▸ **Records to process**
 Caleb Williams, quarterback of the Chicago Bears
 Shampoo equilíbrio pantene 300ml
...
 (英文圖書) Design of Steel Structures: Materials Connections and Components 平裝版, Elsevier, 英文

▸ **Task objective**
Using the entries above, give again exactly the lines from the line holding "Caleb Williams, quarterback" through the line holding "Shampoo equilíbrio pantene 300ml". Include both end lines and nothing else.

▸ **Task answer**
 Caleb Williams, quarterback of the Chicago Bears
 Shampoo equilíbrio pantene 300ml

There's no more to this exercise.